Fransız işçi sınıfı genciyle yaşlısıyla, öğrencisiyle işçisiyle, koronavirüs bahanesiyle artan baskılara, işten çıkarmalara, hak gasplarına, geleceksizliğe ve güvencesizliğe karşı mücadeleyi büyütüyor. 20 Ocak’ta sokaklara dökülen binlerce öğrenci hükümetten uygun koşullar yaratılarak okulların açılmasını talep etti. Nitelikli eğitim hakkından mahrum kalan gençler ne okula devam edebiliyor ne de çalışabiliyorlar. Genç işsizliğin yüzde 20’yi aştığı ülkede gelecek kaygısı nedeniyle intihar eden gençlerin sayısı her geçen gün artıyor. Fransa Öğrenci Federasyonları Birliği (UNEF) başta olmak üzere çeşitli öğrenci birlikleriyle protesto gösterilerine katılan öğrenciler bu duruma tepki gösterdiler; maddi destek, nitelikli yurt ve iş güvencesi talep ettiler. Koronavirüs bahanesiyle saldırı paketlerini gündeme getiren, gençleri kendi kaderine terk eden Macron hükümetini protesto ettiler.
Öğrencilerin ardından 21 Ocak’ta sağlık emekçileri, 26 Ocak’ta eğitim emekçileri ve 28 Ocak’ta enerji sektöründe çalışan işçiler çeşitli protesto gösterileri ve grevler örgütledi. İşçiler işten çıkarmalara, güvencesizliğe, koronavirüs bahanesiyle gerçekleştirilen hak gasplarına, kamuya ait şirketlerin özelleştirilmesine tepkilerini dile getirdiler.
30 Ocak’ta ise on binlerce işçi ve emekçi bu kez Macron hükümetinin 2019 yılından beri gündeme getirdiği güvenlik yasasına karşı protesto gösterisi düzenlediler. Polis şiddetinin ve baskıların artmasının önünü açan yasaya karşı verilen mücadele sonucu 2019’da bir yasa maddesi geri çekilmişti. Ancak yasanın yeniden gündeme getirilmesiyle işçiler yeniden sokaklara çıktılar. Gösteri ve yürüyüş hakkının kısıtlanacağını, polis şiddetinin artacağını dile getiren emekçiler yasanın geri çekilmesini istiyor. Güvenlik yasasının protesto edilmesinin yanı sıra işçi ve emekçiler sinema, tiyatro gibi kültürel alanda faaliyet gösteren yerlerin de açılmasını talep etti. İşçiler pandemi nedeniyle kapatılan tiyatro ve sinemalarda çalışan binlerce emekçinin açlıkla yüz yüze bırakıldığını ve hükümetin bu konuda hiçbir önlem almadığını dile getirdiler.

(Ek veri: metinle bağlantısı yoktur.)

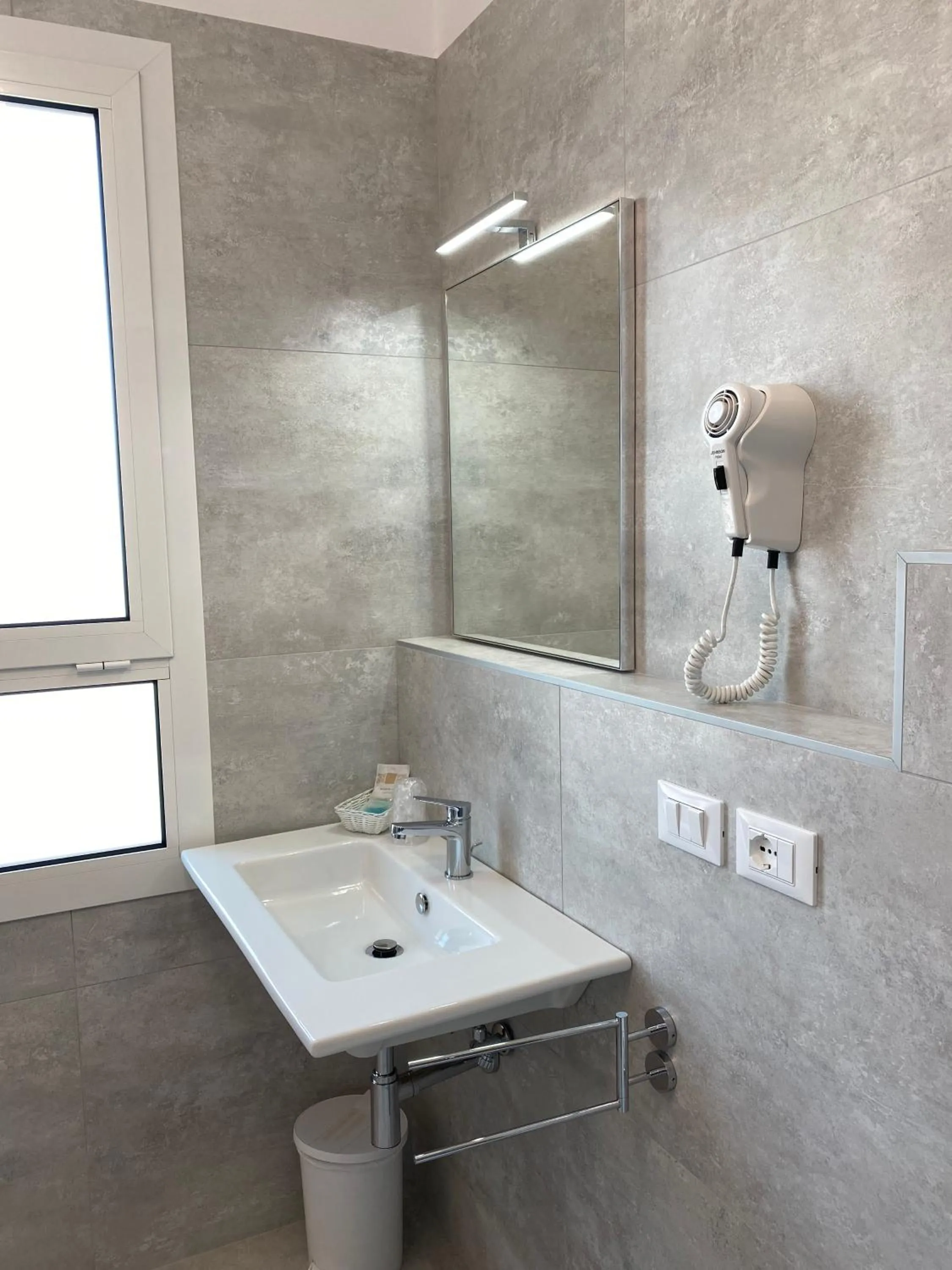 Bathroom in Hotel Linda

Son olarak 4 Şubat’ta 175 kent ve kasabada on binlerce emekçi başta Genel İşçi Sendikası (CGT) olmak üzere çeşitli sendikaların çağrısıyla bir genel grev gerçekleştirdi. Öğrencilerin de destek verdiği protesto gösterilerinde işçi ve emekçiler Macron hükümetinin “kalkınma planı” adı altında hayata geçirmek istediği saldırı planına tepki gösterdiler. Kamuda ve özel sektörde çalışan on binlerce işçi ve öğrenci işten çıkarmaların yaygınlaşacağını ve çalışma koşullarının giderek kötüleşeceğini dile getiriyorlar. Macron hükümetinin salgını bir fırsata çevirdiğini söyleyen işçiler protesto gösterilerinde “Hükümet İstifa” sloganını yükseltiyorlar. Daha yılın ilk ayında gerçekleştirilen bu protesto gösterileri ve grevler gösteriyor ki Fransız işçi sınıfı için 2021 yılı da her şeye rağmen bir mücadele yılı olacak.